* [RECORDED DATA]:

Start of Block

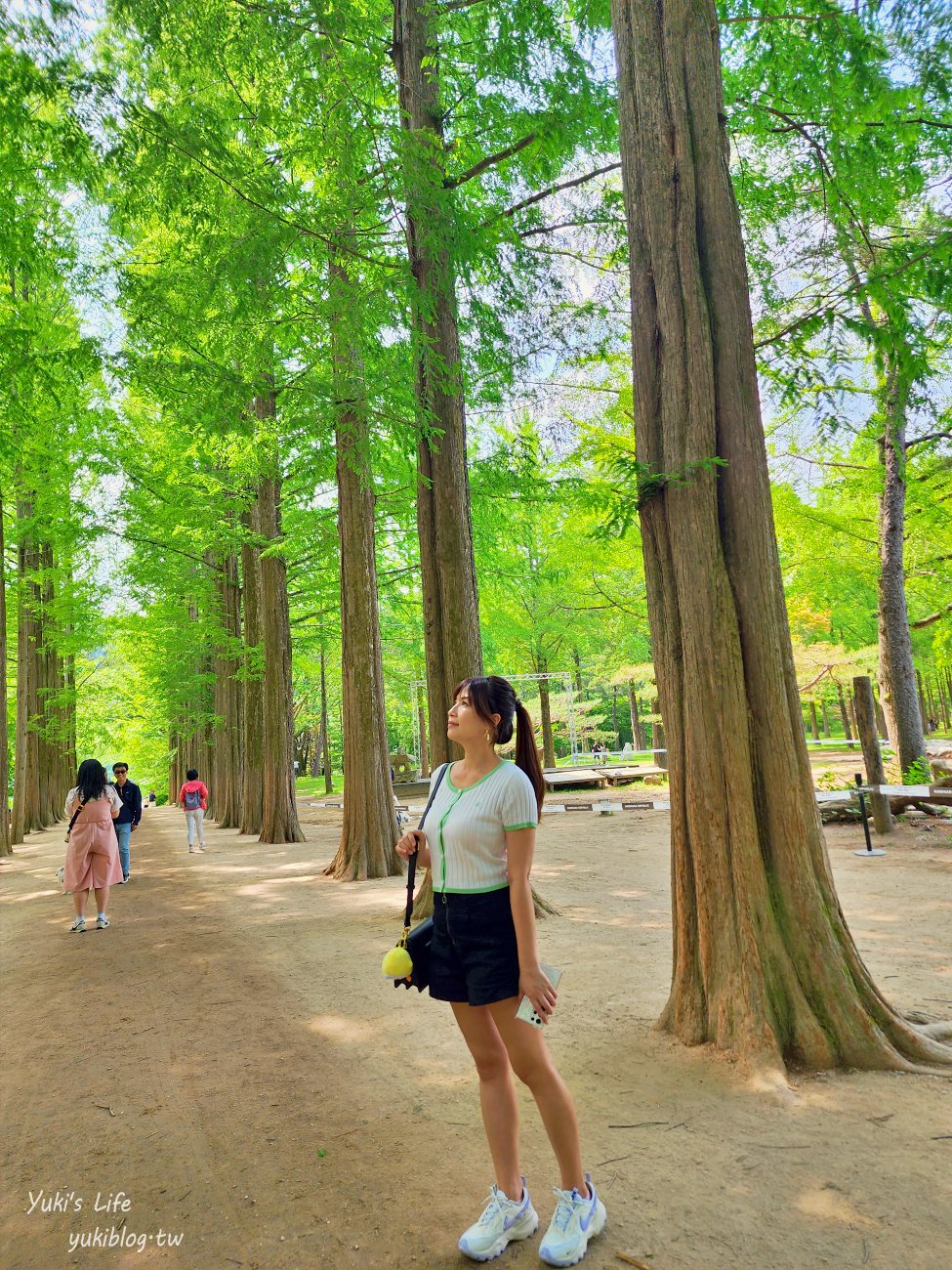 韓國景點|南怡島|韓劇熱愛取景勝地，漫步在水杉林間~享受自然之美 - yuki.tw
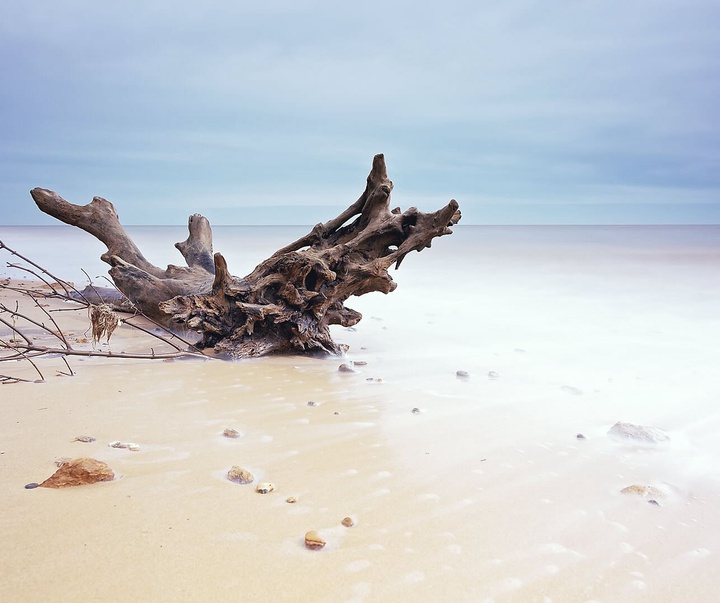 Gallery of Photography by Emma Steele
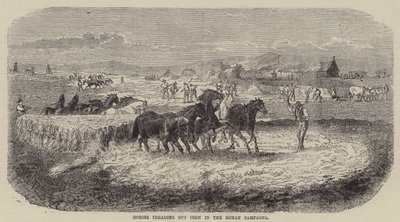 Pferde treten Korn in der römischen Campagna (Gravur) von English School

End of Block

* [TASK STATEMENT]: Copy the preceding data in full and word for word, dropping its pictures.

* [ANSWER SECTION]:
 韓國景點|南怡島|韓劇熱愛取景勝地，漫步在水杉林間~享受自然之美 - yuki.tw
 Gallery of Photography by Emma Steele
 Pferde treten Korn in der römischen Campagna (Gravur) von English School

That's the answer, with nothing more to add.